I have a common sense answer (it’s going to make the situation worse), but I could be wrong and nobody seems to be addressing this.

Reply to this comment

By Moses Pippen (SF/CA/94131)
on January 27th, 2014

Here in California, it’s been hot and dry. I heard that the high-pressure system which has been keeping California dry has been contributing to the freezing temperatures in the eastern U.S.

Everyone is hoping that the high-pressure system will break soon.

Reply to this comment

By Eric Peterson (Front Royal, VA 22630)
on January 28th, 2014

“Ultimately, the distinction between the upper level vortex and its lower level reflections is of interest mainly to meteorologists, “

Sure, but thanks for explaining it to the rest of us anyway.  It is good to know the details.

“If it’s so cold in the southern part of North America because the cold air is there and not in the Arctic, meaning it’s warmer than it should be in the Arctic, what does this mean for sea ice formation in the Arctic Ocean?”

Don’t know, but the redistribution of heat to the Arctic in winter supports cooling.  That is because the normally cold Arctic does not radiate much heat to space.  When it is warmer it radiates more.  Very simply: with this pattern the planet cools.

Reply to this comment

By kermit
on January 30th, 2014

But with a cooler than normal midwestern and eastern North America, that area is radiating less.

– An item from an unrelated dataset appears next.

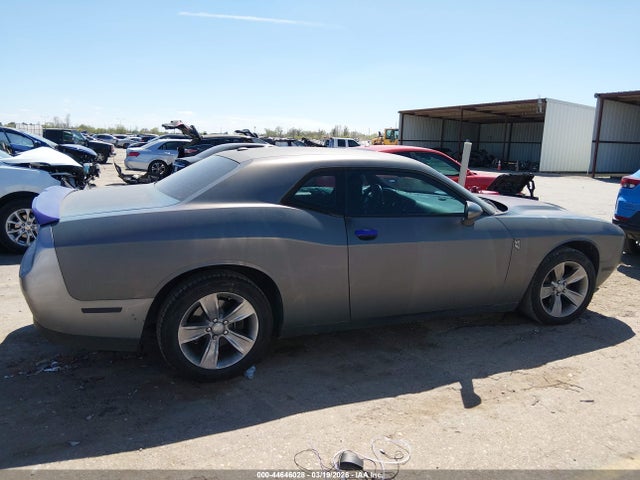 Dodge Challenger Sxt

Is the lower loss of heat from the lower 48 matched, surpassed, or not matched by the more heat radiated off in the Arctic? Seems like less sea ice would mean a lower albedo in the Arctic, contributing to increased absorption of solar radiation.

Reply to this comment

By Eric Peterson (Front Royal, VA 22630)
on January 31st, 2014

kermit, there is no solar radiation in winter in the Arctic.

You are correct that it is not simple.  The trillion dollar question is how does the heat engine with all its complexities respond to more heat,  Is there more meridional flow and heat loss?  The other meridional flow factor is ocean currents which is driven by different dynamics.

Reply to this comment

By Mati
on January 29th, 2014

¿What kind of projection is th 2nd figure? ¿with 2 poles on the circle? ¿is that correct?

Reply to this comment

By Brandon Hardesty (Bensalem, PA 19020)
on January 29th, 2014

I found this forum that has many articles outlining why climate change is happening. It is a virtual encyclopedia about what we are doing to our planet and how we can change it:  http://www.barkforum.com

Reply to this comment

By Katherine Cooper (Xenia/Ohio)
on February 10th, 2014

As of today, 10 February 2014, we are in the midst of what our meteorologists are calling an arctic cold blast. Is this the return of the polar vortex? If so, how many times will this event revisit us?